本文考慮具共變數韋能衰退隨機過程之貝氏可靠度分析, 其中漂移係數為共變數之線性函數。實務上同款產品的衰退特徵可能存在個別差異, 並不適合用同一模型來描述所有個體, 因此我們以三種不同的模型, 在共同的先驗分配下, 分別經由馬可夫鏈蒙地卡羅方法(MCMC) 進行貝氏可靠度推論。另一方面當主觀先驗資訊微弱或無法確認資料來源的真實模型時, 我們先經由觀測資料估計具個別差異之模型中參數的先驗分配建立經驗貝氏模型, 模擬結果驗証經驗貝氏方法可在模型不確定時取其折衷進而降低選模錯誤的風險。也就是說, 在先驗資訊不足或不確定產品間是否有差異, 經驗貝氏模型可提供較穩健的可靠度推論。

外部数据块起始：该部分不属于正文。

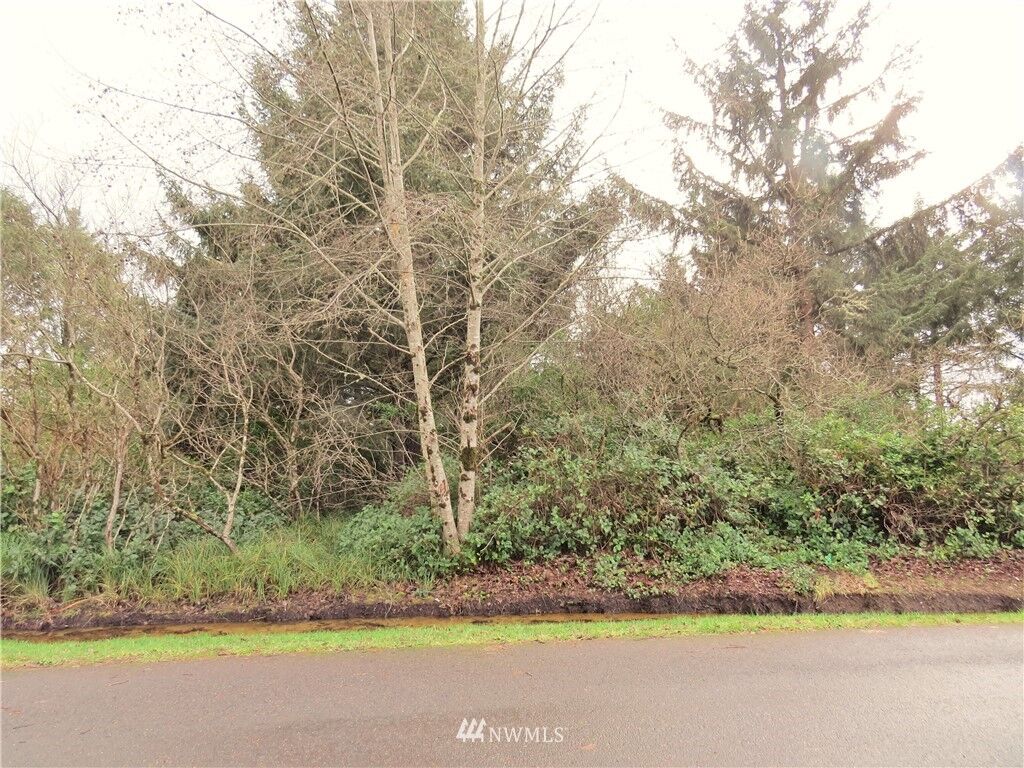 Property Photo:  173 Helm Street SW  WA 98569 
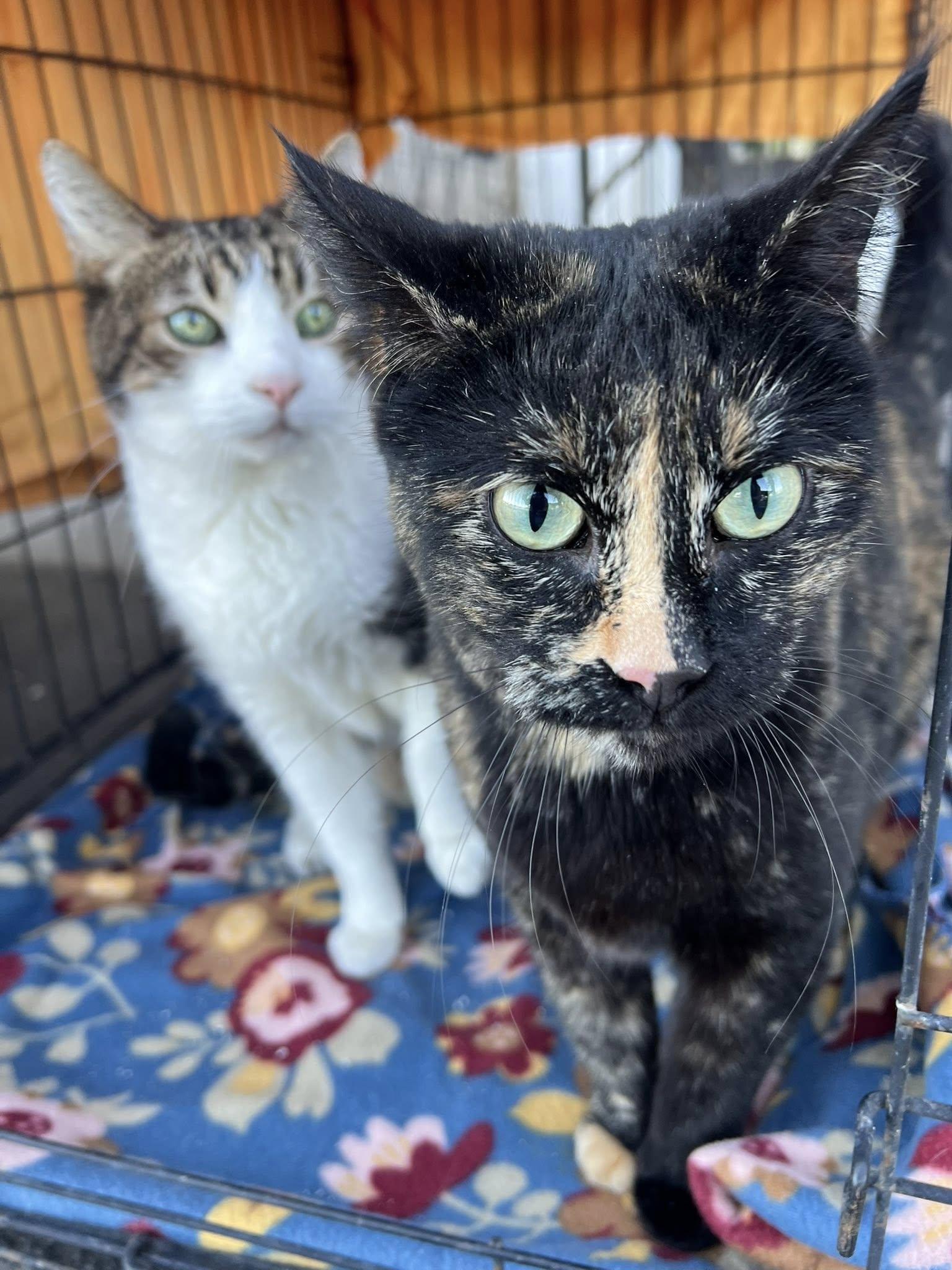 Enlarge Gabby, a Adoptable Tortoiseshell in Deming, NM image 4/4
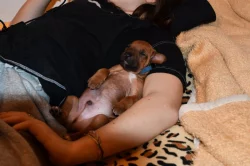 Rhodeský Ridgeback - vymazlená štěňátka s PP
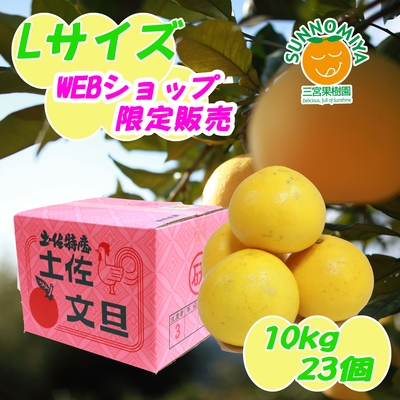 土佐文旦Lサイズレギュラー10kg  WEBショップ限定品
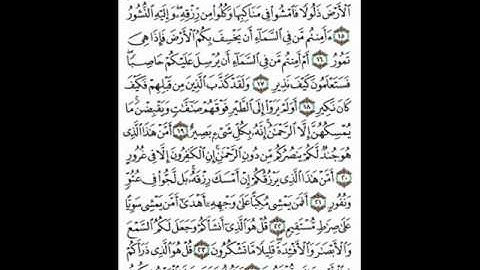 سورة الملك   احمد العجمي 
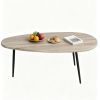Gray Stylish Irregular Shape Coffee Table, Heavy-Duty Metal Base Oval Sofa Side Table, Multifunctional Decor Center Table for Home Living Room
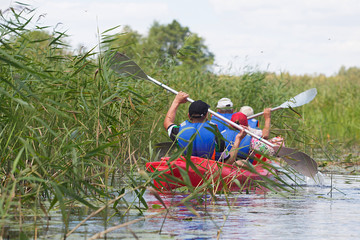 Group of people in kayaks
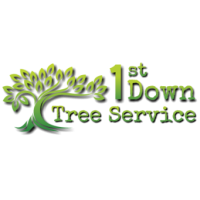 1st Down Tree Service Logo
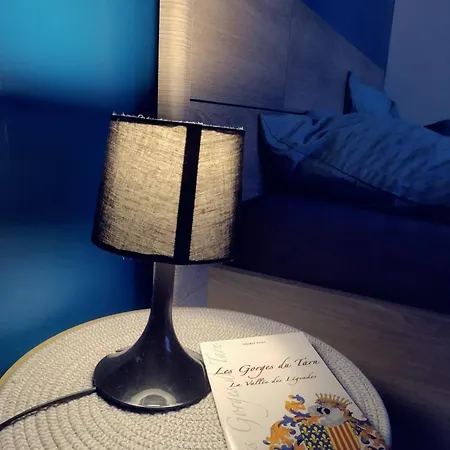 L'appart Centre-ville - ミヨー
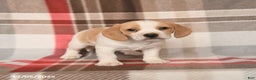 Beagle dogs for sale: Paula - Ad 3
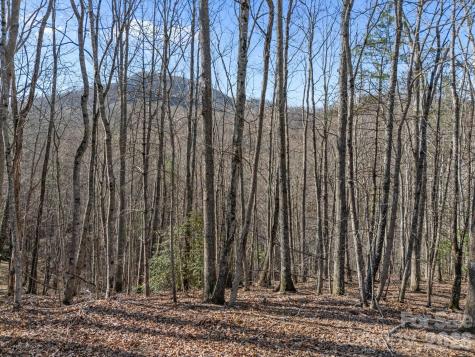 9999 Hidden Cove Road Leicester NC 28748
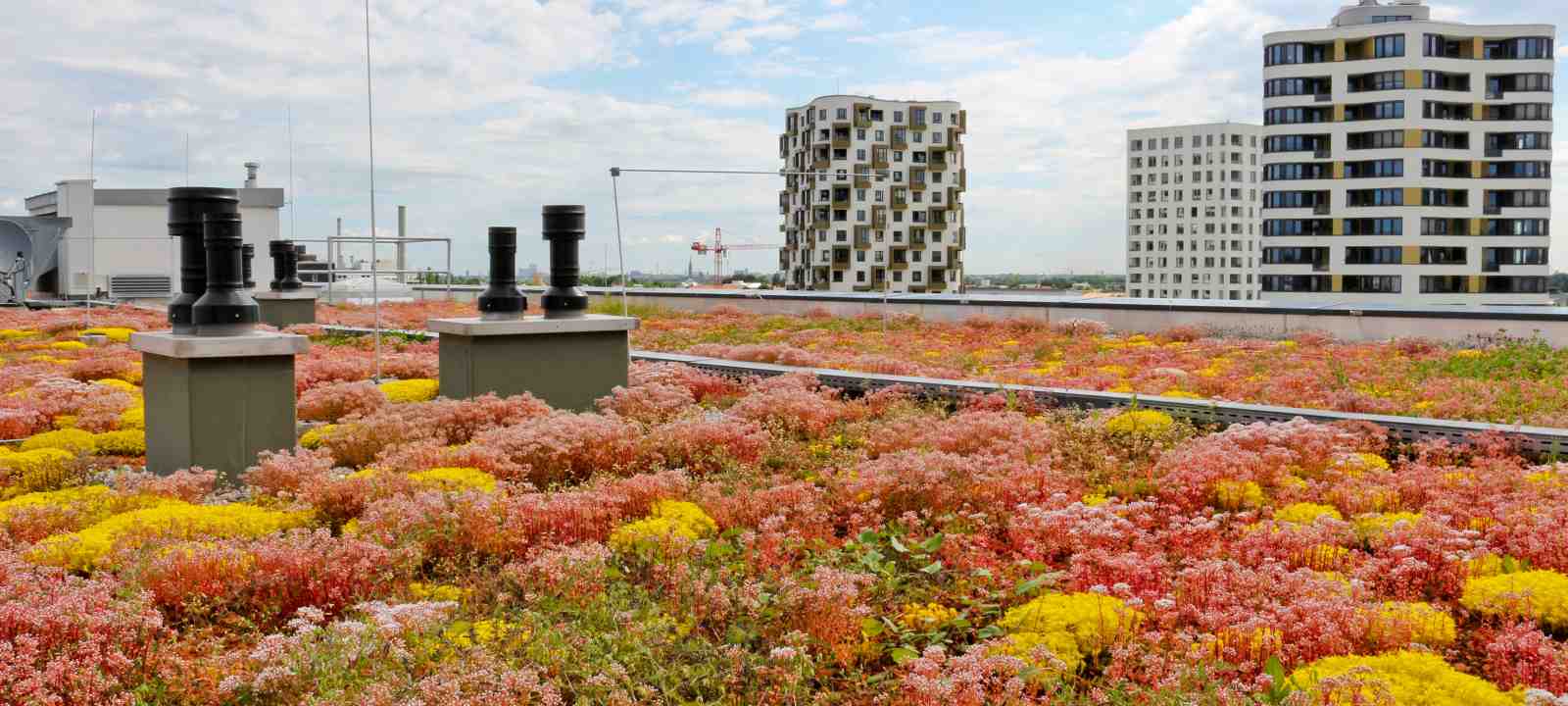 Dachbegrünung mit Sedum
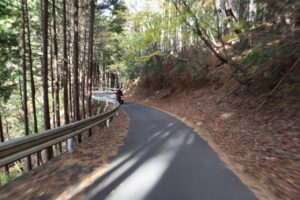 奥武蔵グリーンラインを走る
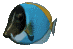 Peces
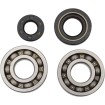 Set rulmenți și garnituri HOT RODS pentru YAMAHA ALTE K012 Set rulmenți și garnituri HOT RODS pentru YAMAHA ALTE K012 thumb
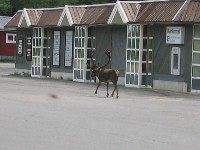 Reindeer at ski lodge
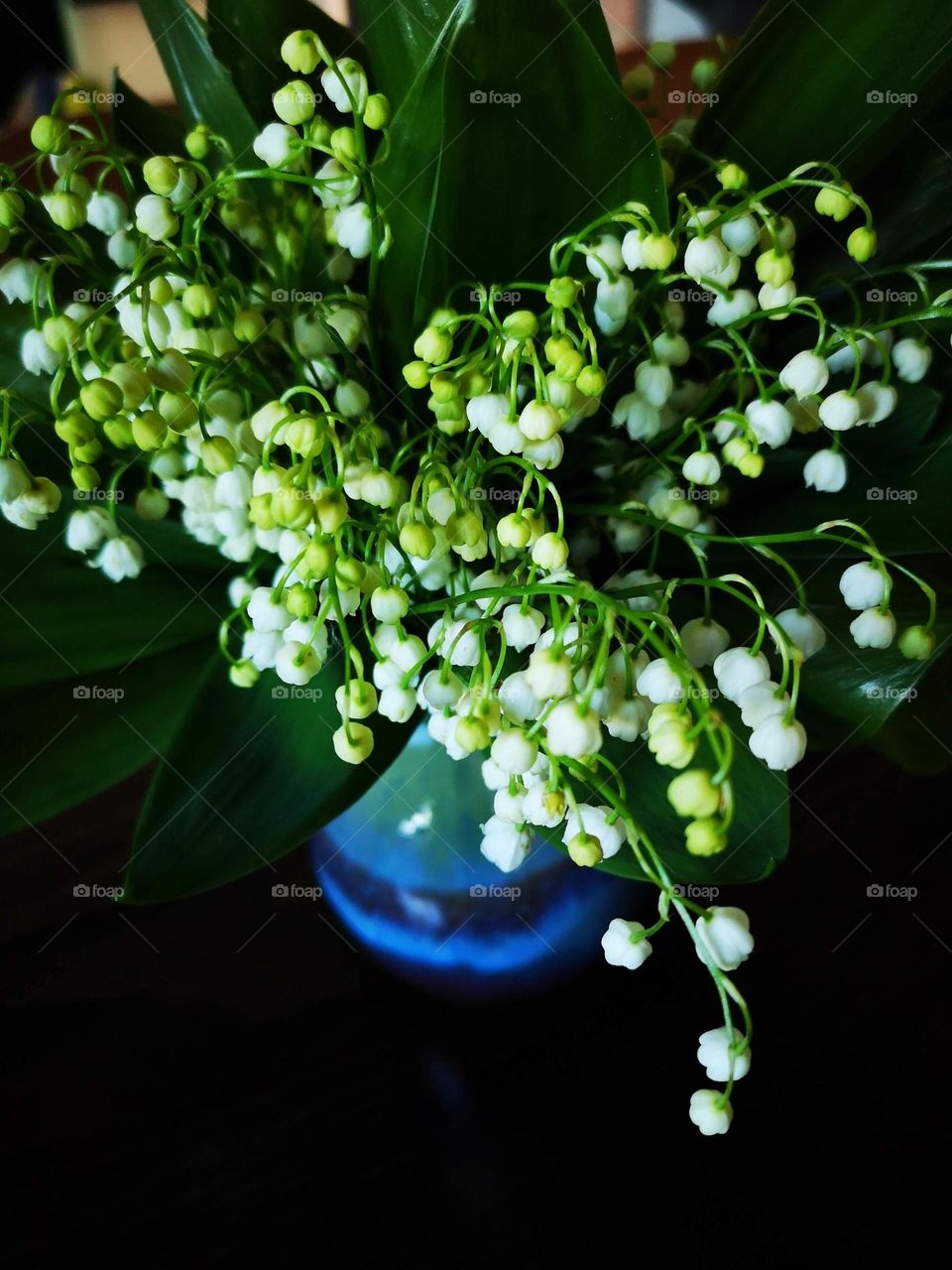 Beautiful bouquet of Lily of the valley flowers picked during one walk through the forest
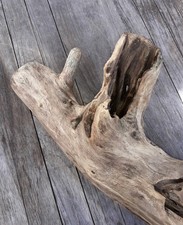 3 XL Treibholz Schwemmholz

For high reliability products, the degradation test can provide more information than accelerated life test to assess the lifetime distribution. In this thesis, we consider the degradation test based on Wiener processes in which the drift coefficient is linear in the covariates. In practice, there may have unit-to-unit variantion of the products with the same type. Therefore, it may not be appropriate using the same model to fit all products. Here, we aim on the Bayesian approach with three difference models. Empirical Bayes methods are used to determine the prior parameters using all the observed data. It not only provides a compromise in the model uncertainty with the advantage of ”borrowing the strength” among the data, but also solve the situation when the prior information is vague. Further, we are interest in reliability inference under given covariates. Simulation study shows that the empirical Baysian method can reduce the risk for fitting wrong models and yield robust reliability inference.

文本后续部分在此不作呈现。